:: About this task ::
Repeat exactly the lines of the records below, starting at the line containing "Liblikaga tähekujulised võtmehoidjad (4tk)" and ending at the line containing "Beethoven Quote Tote Bag". Leave the pictures out.

:: Supplied data ::
**********

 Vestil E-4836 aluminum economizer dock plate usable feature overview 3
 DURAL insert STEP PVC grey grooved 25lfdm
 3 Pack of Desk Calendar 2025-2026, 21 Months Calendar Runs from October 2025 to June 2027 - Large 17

**********

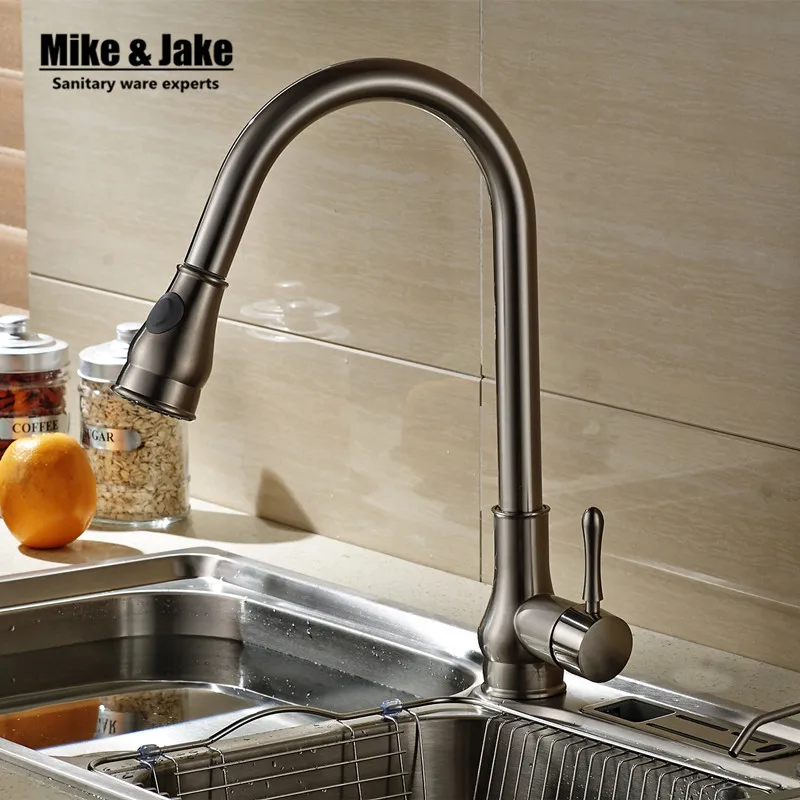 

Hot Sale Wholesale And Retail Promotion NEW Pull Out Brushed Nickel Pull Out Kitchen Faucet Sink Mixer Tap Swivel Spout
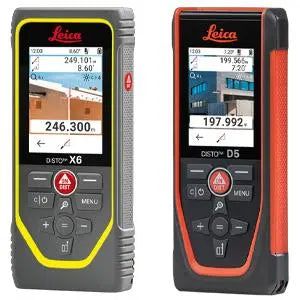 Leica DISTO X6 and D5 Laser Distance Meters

**********

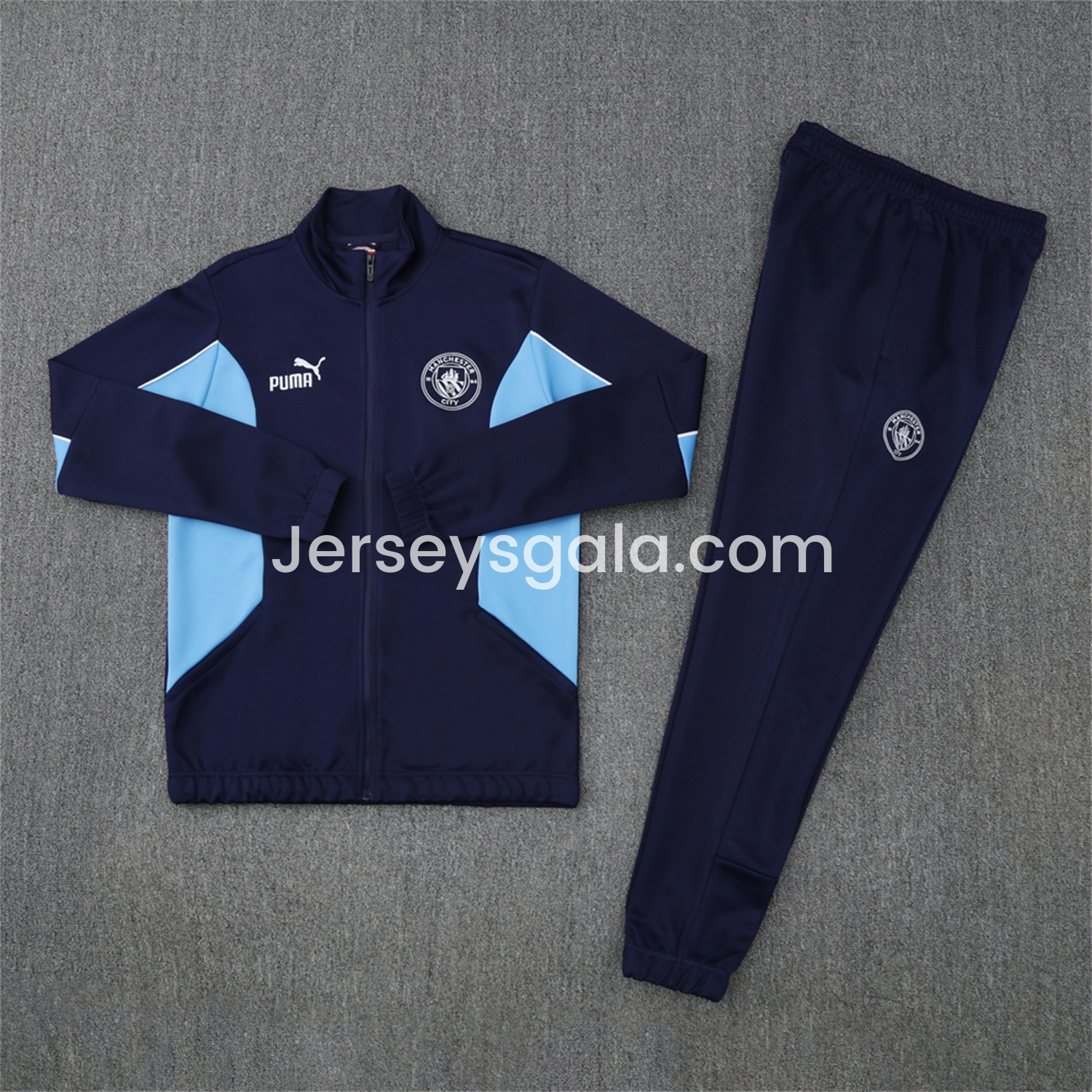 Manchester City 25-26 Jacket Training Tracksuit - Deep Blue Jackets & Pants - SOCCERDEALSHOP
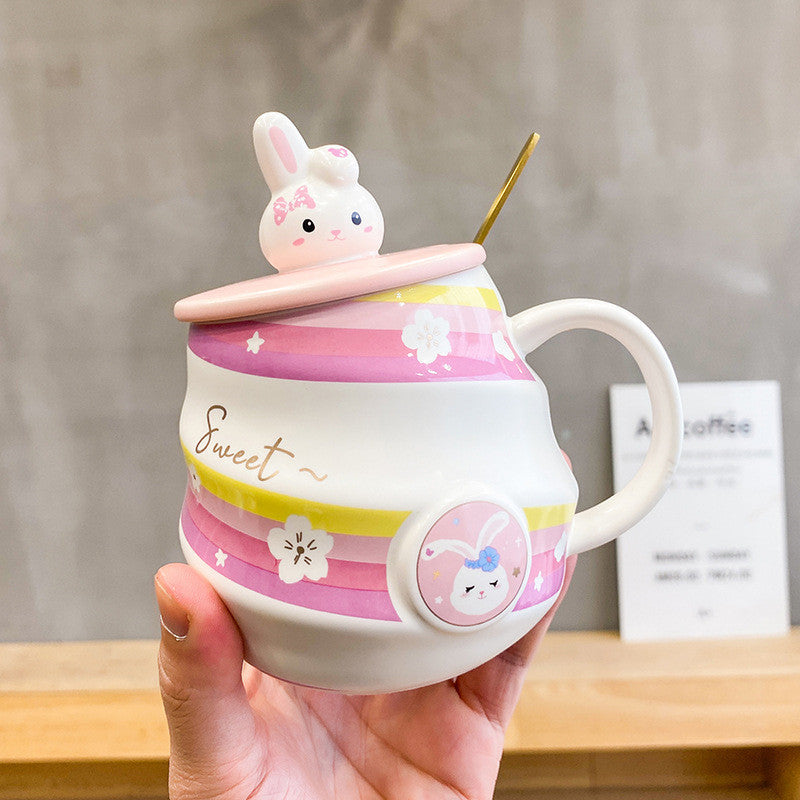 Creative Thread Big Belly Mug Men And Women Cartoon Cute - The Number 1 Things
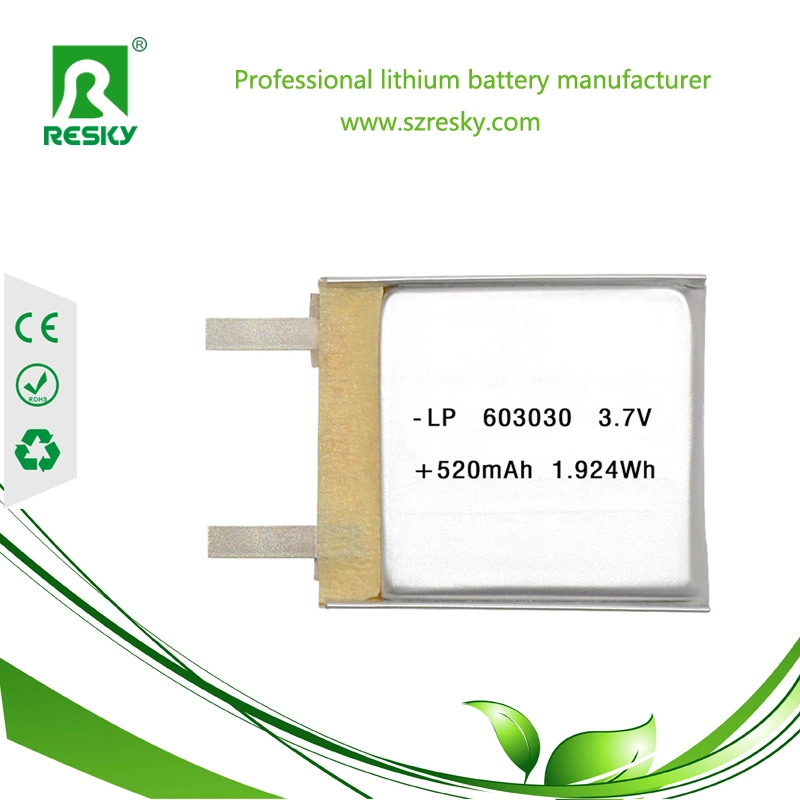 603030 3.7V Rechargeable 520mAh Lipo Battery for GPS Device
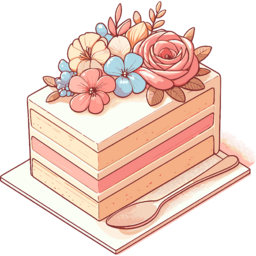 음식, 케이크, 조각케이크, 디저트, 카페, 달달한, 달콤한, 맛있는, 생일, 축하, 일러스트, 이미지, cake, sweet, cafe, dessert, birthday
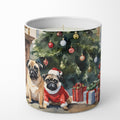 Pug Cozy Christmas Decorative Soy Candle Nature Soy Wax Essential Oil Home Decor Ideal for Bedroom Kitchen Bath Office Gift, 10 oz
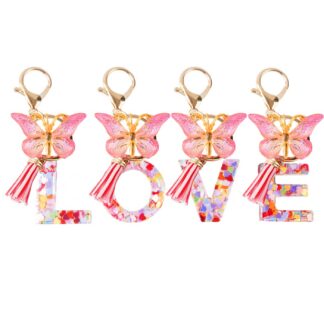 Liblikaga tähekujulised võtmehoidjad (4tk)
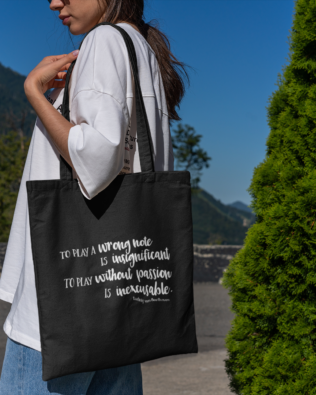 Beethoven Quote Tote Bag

**********

:: Result ::
 Liblikaga tähekujulised võtmehoidjad (4tk)
 Beethoven Quote Tote Bag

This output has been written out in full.